What does a preacher say here on the eve of a great spiritual adventure and our Voice of Prophecy Africa campaign? I’ve wondered for weeks what I ought to share with you today on the eve of our “Hope for Our Troubled World” campaign and the inauguration of our Discover Bible School, with a large graduation coming in just three weeks.

We have tremendous social and political issues across this continent of Africa that we could talk about, and we Christians must be involved in helping to solve the social problems of our time. Shall I speak about these – AIDS, race relations, poverty, war, crime, hunger, genocide?

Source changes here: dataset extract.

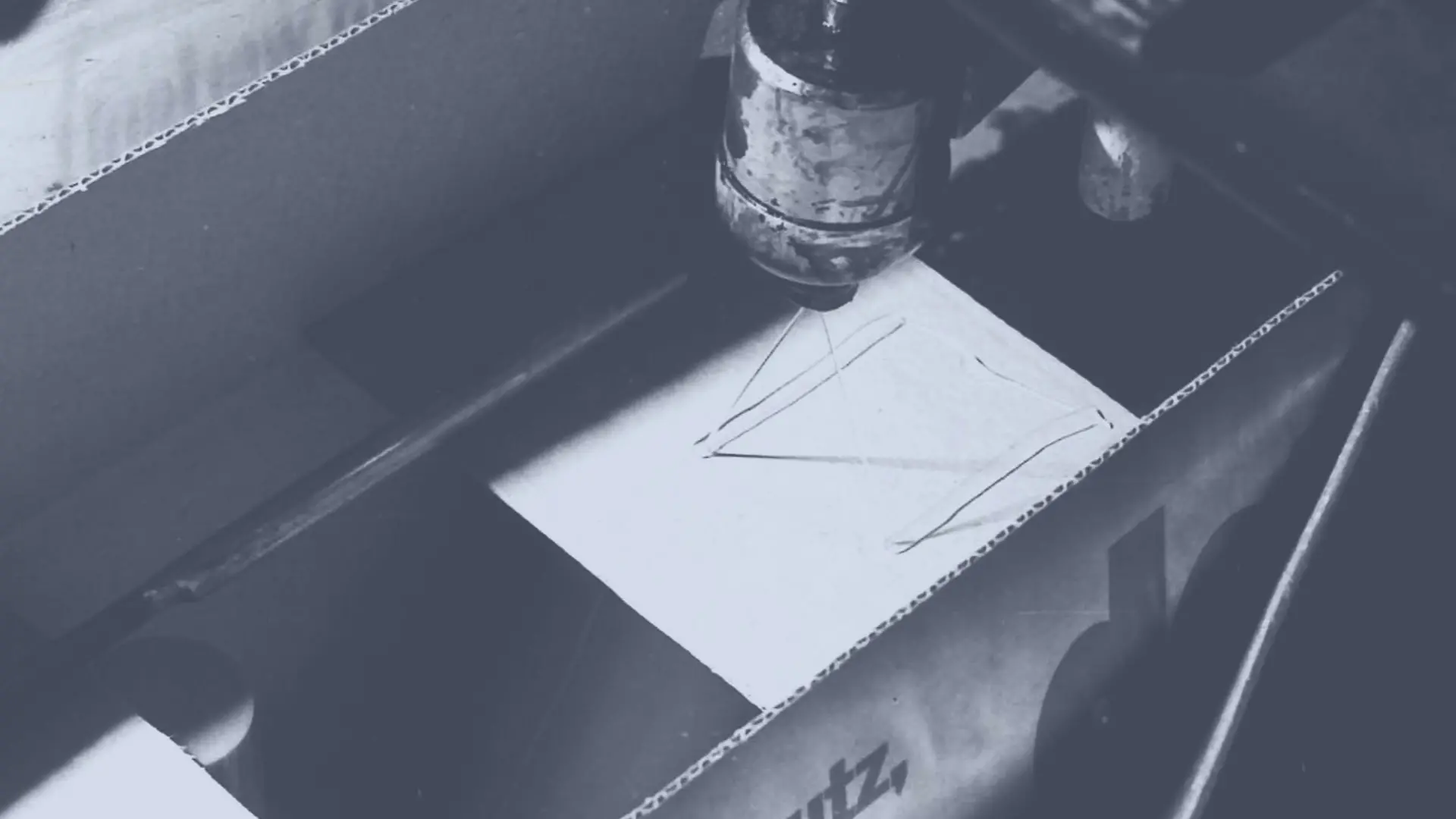 テクノメルトのホットメルト接着剤をスプレーして段ボール箱を封かんする様子。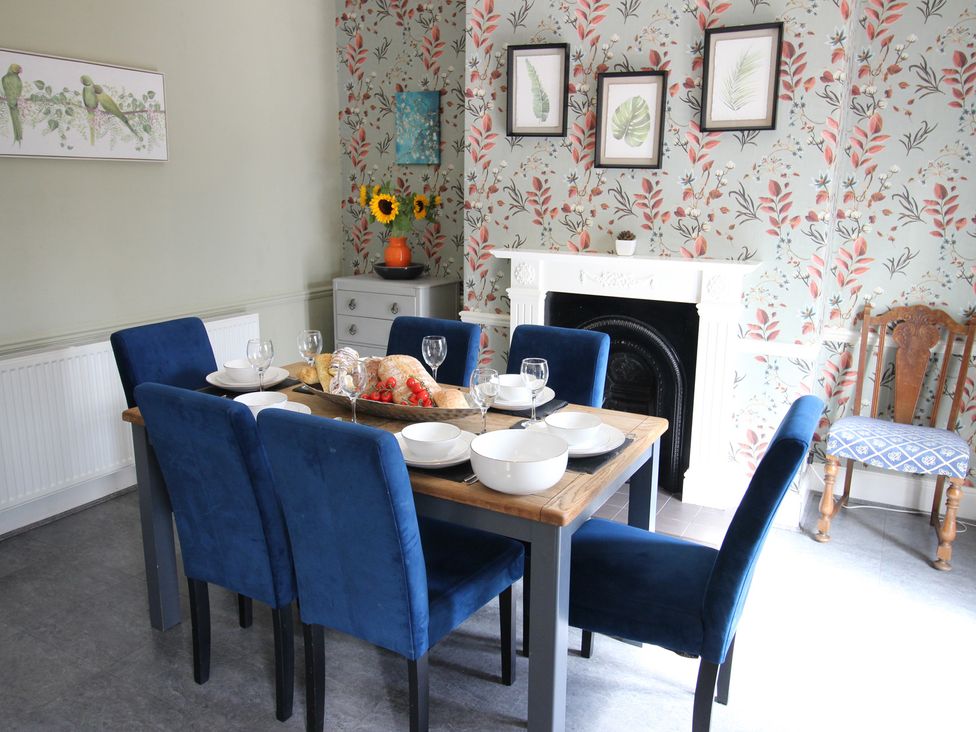 A dining room with a table and chairs at The Hampton in Scarborough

Tonight I want to start where I believe the faith has got to start – with Christ. And as we begin this series of meetings, I’ve decided to put first things first and do precisely that. Tonight that’s what I’ve decided to do: I want to speak to you simply about Jesus Christ.

I’d like to paint for you a picture of Jesus tonight. Because for the next three weeks the sobering reality is that we want to offer hurting, lonely, and frightened people the good news about Jesus and a better tomorrow found only in Jesus Christ. People on Planet Earth are afraid, worried, distressed, discouraged.

My text is Hebrews 2:8-9. And, I’m going to lift out of the book of Hebrews a few verses which begin by telling us when God created man, He placed everything “under his feet,” under man’s control.

But the Bible goes on to say: “But at present we do not yet see all things subjected to man.” (Under man’s control.) Even though God created everything to be subject to man, that’s NOT the way it is. We do not see all things controlled by man. Things are not the way they ought to be.

We do not see all things controlled by man, “but we see Jesus!” Now this is the central point of it as I see it. This is what is important as far as any Christian is concerned.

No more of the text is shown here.